Excel itself does have a built-in function for exporting data into xml.  It even has a function for doing so into a simple XML Schema.  But the OECD XML Schema is not simple.  Any attempt and Excel simply tells you that it cannot do “lists of lists”.  “Lists of lists” is computer speak for saying Excel can do 2 dimensions (rows and columns) only, not more.  The more computer savvy tax professionals will then realise that Microsoft Access should be able to do this, because that is exactly what databases are: lists of lists.  However, the OECD XML Schema simply crashes the 2010 and 2016 versions of Access I tried; they are too complicated.

So, considering the above, have the tax administrations issued guidance, or helpful tools, or something?  Well, no.  It seems as though most tax administrations have basically dumped the task for figuring out the User Guide with their taxpayers.  (One exception that I am aware of is the Dutch government – kudos to them).

This basically leaves taxpayers in a consultants’ nirvana.  Several IT firms never heard of before and a few well-known tax consulting firms now offer to convert companies’ Excel files to XML, for a seemingly agreed average of Euro 2.500.  Typically that is for the conversion only – any additional actions such as uploading the files through a special portal cost extra.  It reminds me of the situation where public transport goes on strike and taxi prices magically jump 300% ….  It also leaves the same bitter after taste and the determination to find a better way.

The DYI solution

Companies can do this themselves, though it does take some effort.  It is basically a three step process.

First step: Get your Excel files into XML

XML looks like this

<Country>
<CountryCode>NL</CountryCode>
<Revenues>
<Internal Revenues> 100</Internal Revenues>
<External Revenues>150</External Revenues>
<Total Revenues>250</Total Revenues>
</Revenues>
</Country>

There are at least three ways to get your Excel file into that format.

  1. Write a macro in Excel VBA to do this for you.
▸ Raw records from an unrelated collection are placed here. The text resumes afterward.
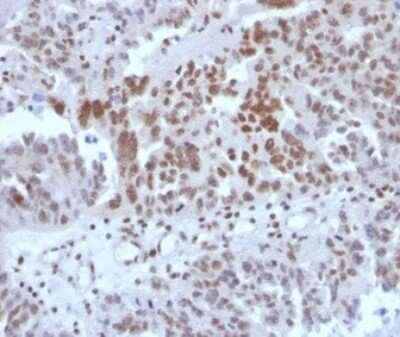 Immunohistochemistry-Paraffin: SP100 Antibody (PCRP-SP100-1B9) [NBP3-13780] - IHC analysis of formalin-fixed, paraffin-embedded human colon. Strong nuclear staining using SP100 antibody (PCRP-SP100-1B9) at 2ug/ml in PBS for 30min RT. HIER: Tris/EDTA, pH9.0, 45min. HRP-polymer, 30min. DAB, 5min.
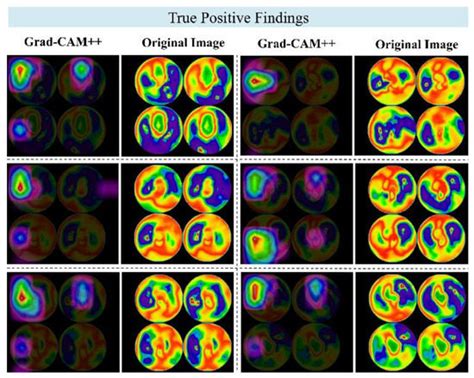 Innovative Attention-Based Explainable Feature-Fusion VGG19 Network for ...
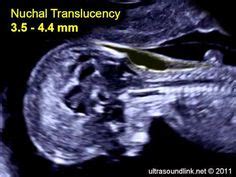 If your dates are too late: Nuchal translucency scan | Certificates of competence ...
In fact, this is the one thing the OECD and tax administration could have done and should have done; in the very least.
    In the absence thereof, several in-house tax departments now have IT savvy people on board which may be able to do this for them.
    This is also what I ended up doing, and by the way a valid XML header then is “<cbc:CBC_OECD xmlns:iso=”urn:oecd:ties:isocbctypes:v1″ xmlns:cbc=”urn:oecd:ties:cbc:v1″ mlns:stf=”urn:oecd:ties:stf:v4″ xmlns:xsi=”http://www.w3.org/2001/XMLSchema-instance” xsi:schemaLocation=”urn:oecd:ties:cbc:v1 CbcXML_v1.0.1.xsd”>”.
  2. A second way may be to buy an XML Editor and combine your Excel files with the OECD’s XML Schemas into an XML file that can be validated. I assume this is possible, but I have not tried it.  Besides, at an annual license fee of around USD 550 per company an XML editor such as Oxygen does not come cheap, especially if this is for a once year affair only.  The OECD itself used XML Spy which is slightly more affordable at Euro 400.
    The advantage of this solution – if it is doable – is that it automatically can be used to validate your XML file against the OECD XML Schemas as well.
  3. A third way would be to export your Excel data to a third party database and from there to XML using a “simple” computing language, such as Python. But, frankly, if you can do that, you would not be reading this blog.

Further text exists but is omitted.